Some of these rituals must be fun to watch. It's not rocket science or voodoo hoodoo. Always wipe your bore with a clean patch before the first shot whether at the range or hunting. That will remove any oil in the bore that will pollute your powder. If you have a cap lock with a patent breech Pop a cap or two. You can't swab in the patent breech to dry it. Then just load normally.
      Good grief, these are "Primitive Firearms". If you maintain them properly they will fire very well. I've had modern centerfire weapons go click when you pull the trigger, and that's got nothing to do with the rifle. It's called, DUD.


----------



## NCHillbilly (Oct 16, 2014)

mmarkey said:


> Some of these rituals must be fun to watch. It's not rocket science or voodoo hoodoo. Always wipe your bore with a clean patch before the first shot whether at the range or hunting. That will remove any oil in the bore that will pollute your powder. If you have a cap lock with a patent breech Pop a cap or two. You can't swab in the patent breech to dry it. Then just load normally.
> Good grief, these are "Primitive Firearms". If you maintain them properly they will fire very well. I've had modern centerfire weapons go click when you pull the trigger, and that's got nothing to do with the rifle. It's called, DUD.
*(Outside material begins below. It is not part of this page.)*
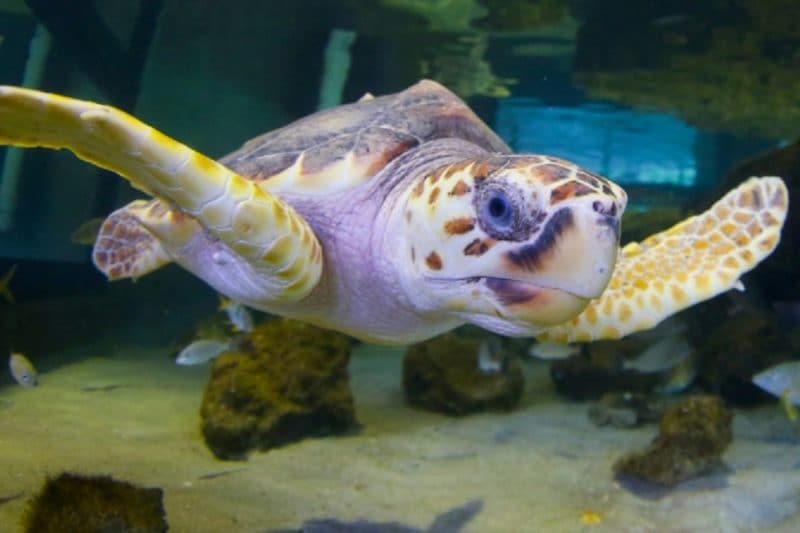 Top Attractions in Boca Raton Top attractions in Boca Raton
The point I'm making is that most of what few misfires I've had in thirty years of shooting blackpowder have been directly related to popping caps before loading: more specifically, cap guts obstructing the hole in the nipple. The junk inside the caps will often come out on firing, sometimes a whole little round disc, and it goes right into the nipple. I haven't had one in many, many, many years since I figured this out.


----------



## d-a (Oct 16, 2014)

NCHillbilly said:


> The point I'm making is that most of what few misfires I've had in thirty years of shooting blackpowder have been directly related to popping caps before loading: more specifically, cap guts obstructing the hole in the nipple. The junk inside the caps will often come out on firing, sometimes a whole little round disc, and it goes right into the nipple. I haven't had one in many, many, many years since I figured this out.




I have had that with Remington caps but never with CCI or RWS caps. One of the reasons I dislike Remington caps. 

If I'm hunting I always pull the nipple and ensure there is dry powder under it. 

d-a


----------



## FrontierGander (Oct 16, 2014)

zero trouble with remington caps here. I've fired over 400 of them in the past 5 months.


----------



## d-a (Oct 16, 2014)

FrontierGander said:


> zero trouble with remington caps here. I've fired over 400 of them in the past 5 months.



Im glad for you, hasnt been my experience with them. Maybe your dryer climate as contributed to your results.

d-a


----------